Exercise aim: Beginning with the line that holds "Used Volkswagen Santana" and ending with the last line of the entries, please output each line exactly, apart from any pictures.

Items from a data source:
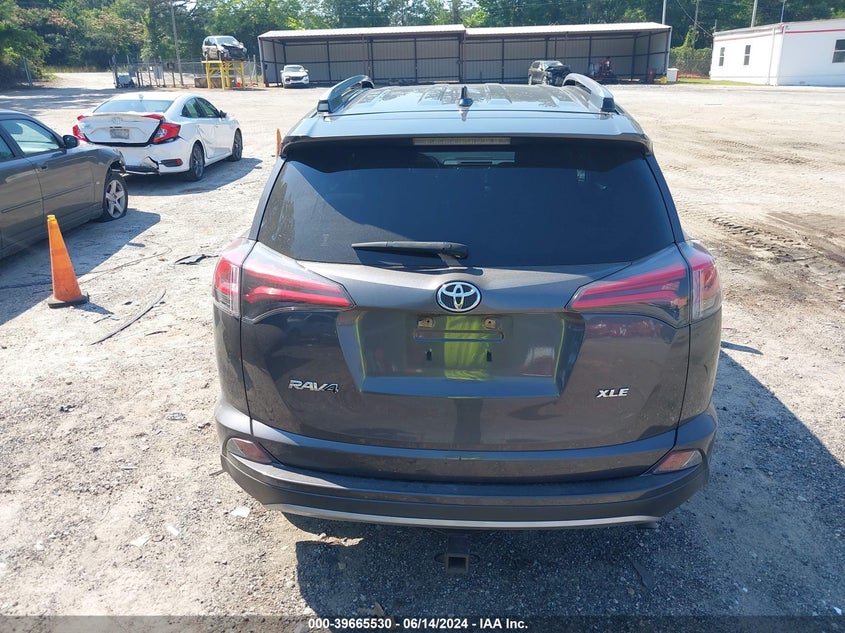 2018 TOYOTA RAV4 XLE - JTMWFREVXJJ747392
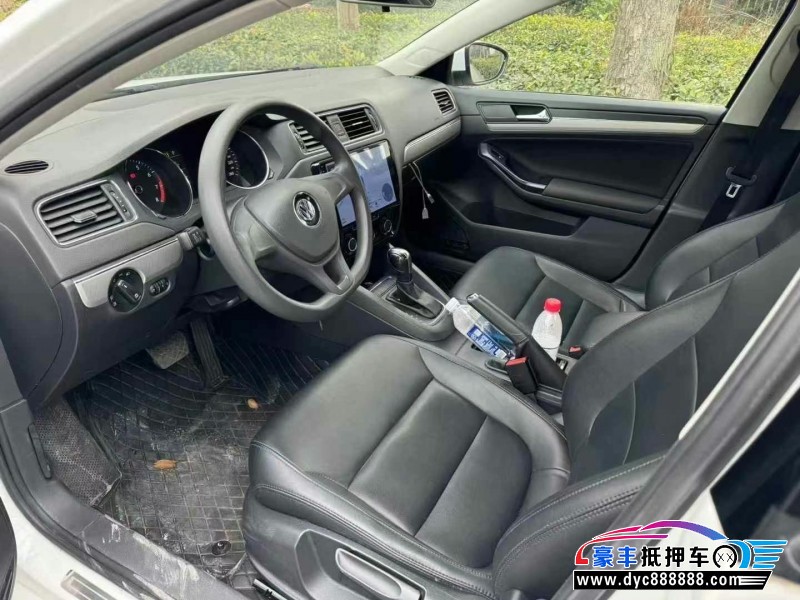 19年大众速腾轿车抵押车出售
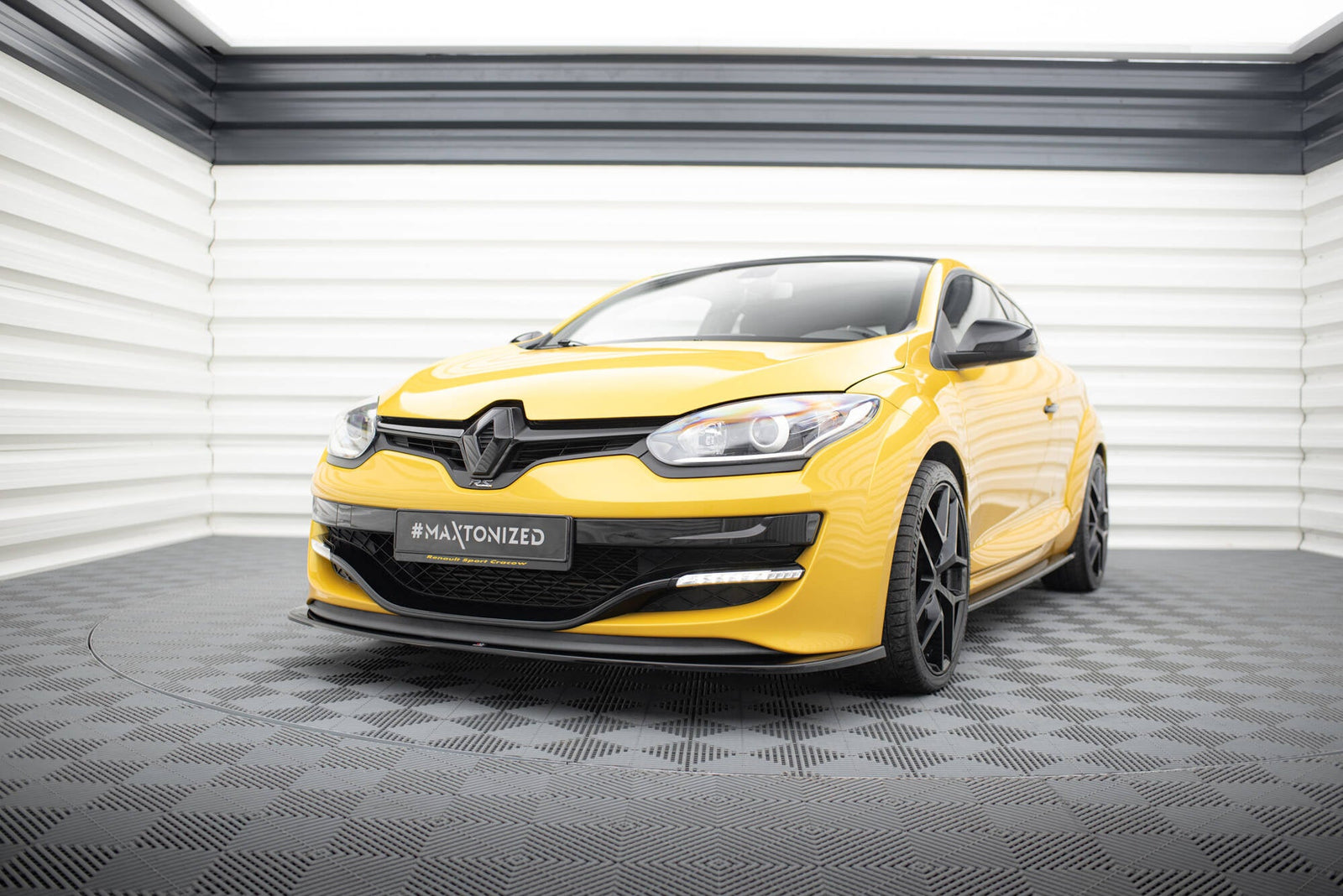Maxton Design Splitter delantero para Renault Megane Mk3 RS V.2 - imagen 1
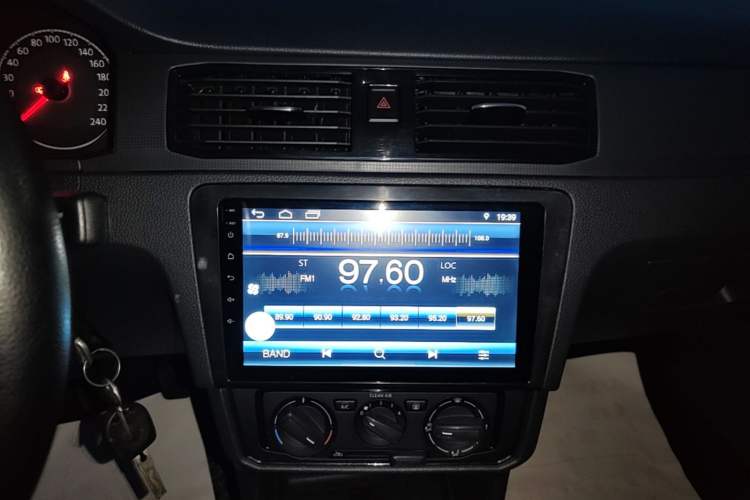 Used Volkswagen Santana 2019 1.5L Manual Fashion Edition China VI Standard Audio And AC Panel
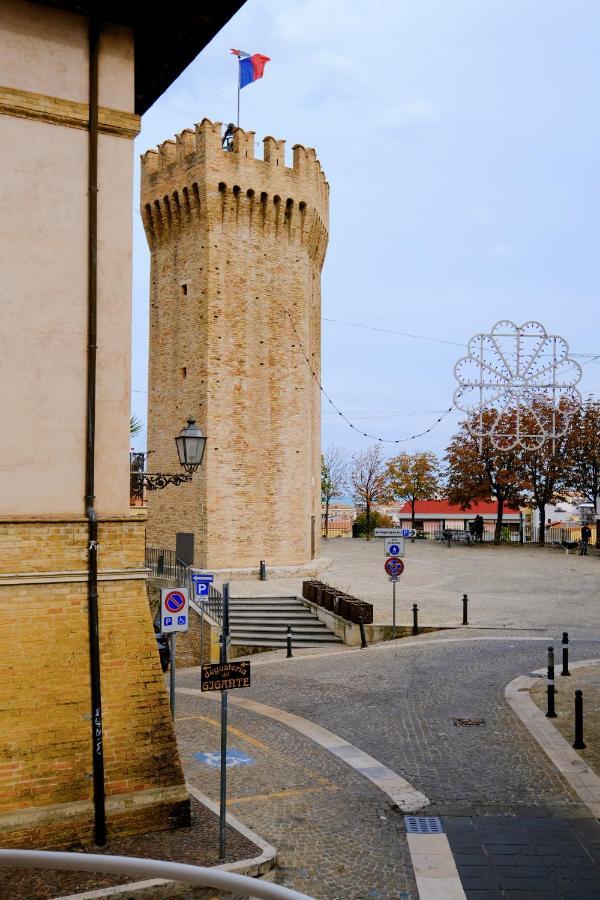 La Casa Di Francesco E Rosina Appartement San Benedetto del Tronto Buitenkant foto
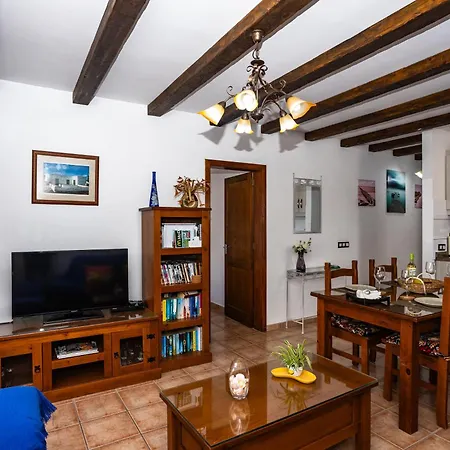 Dama Apartment *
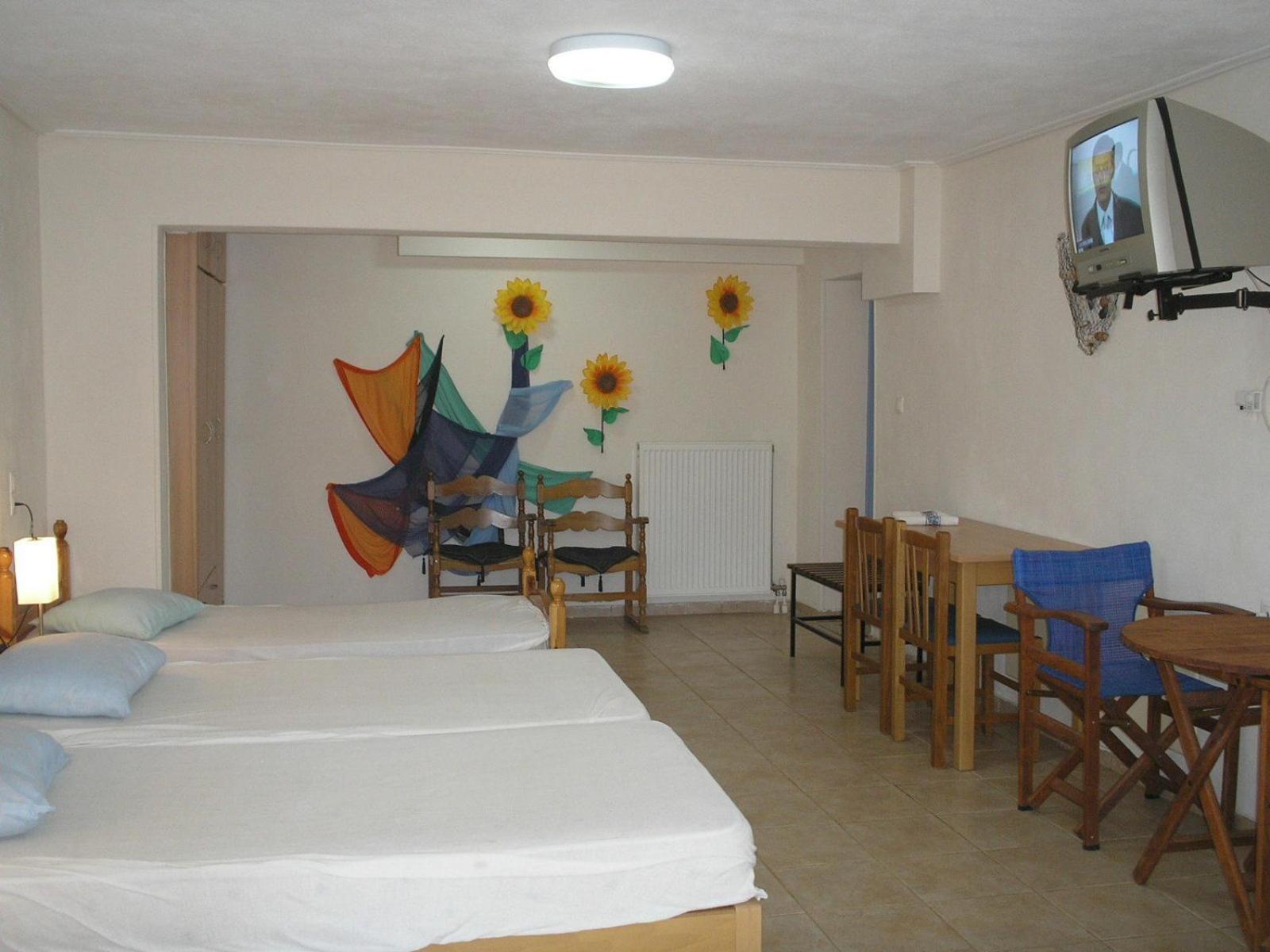 Family Studio - Photo 2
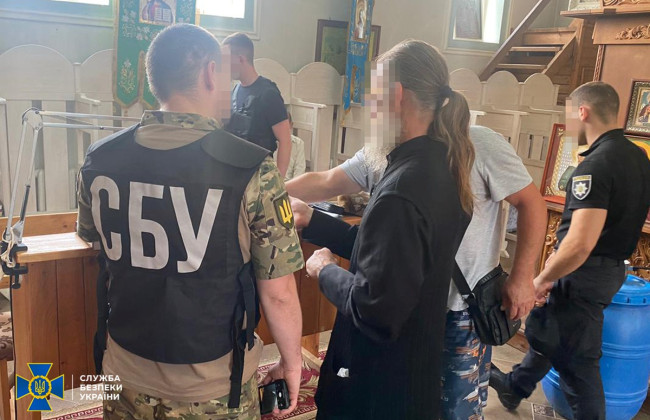 Виявився кумом Оксани Марченко: священику із Закарпаття вручили підозру за пропаганду комуністичного режиму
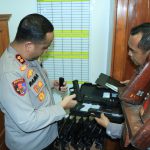 Kapolres Gresik Periksa Senpi Personil Untuk Pastikan Kelayakan dan Jaga Profesionalisme Dalam Bertu...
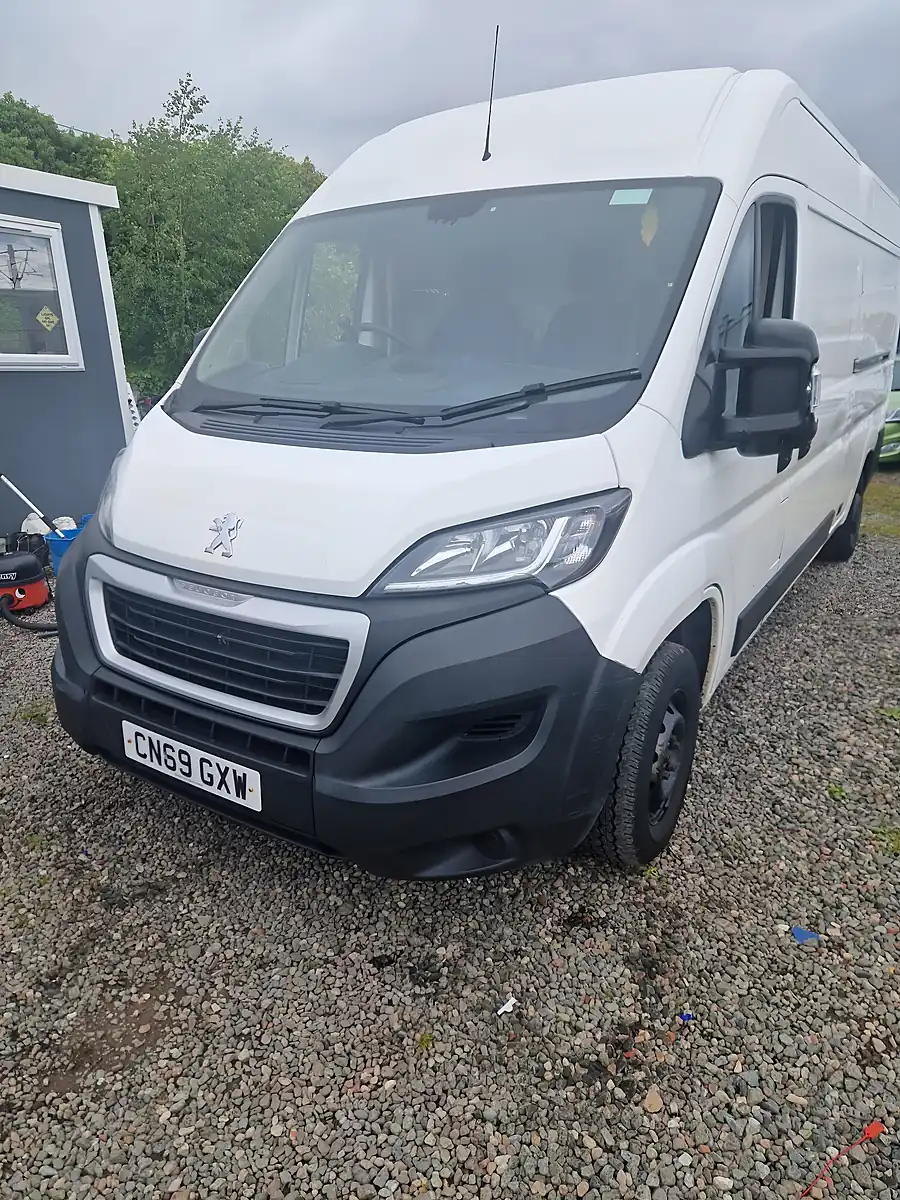 Used 2019 Peugeot Boxer H2 Professional White - Interior and Exterior details 10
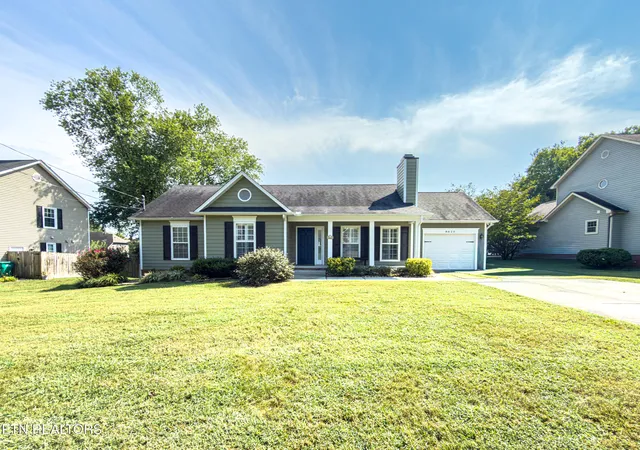 Photo 1 of Sale Pending at 8820 Ryegate Dr, Knoxville, TN 37922 | MLS# 1354532 | Listing updated on 2026-09-11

Solution to this exercise:
 Used Volkswagen Santana 2019 1.5L Manual Fashion Edition China VI Standard Audio And AC Panel
 La Casa Di Francesco E Rosina Appartement San Benedetto del Tronto Buitenkant foto
 Dama Apartment *
 Family Studio - Photo 2
 Виявився кумом Оксани Марченко: священику із Закарпаття вручили підозру за пропаганду комуністичного режиму
 Kapolres Gresik Periksa Senpi Personil Untuk Pastikan Kelayakan dan Jaga Profesionalisme Dalam Bertu...
 Used 2019 Peugeot Boxer H2 Professional White - Interior and Exterior details 10
 Photo 1 of Sale Pending at 8820 Ryegate Dr, Knoxville, TN 37922 | MLS# 1354532 | Listing updated on 2026-09-11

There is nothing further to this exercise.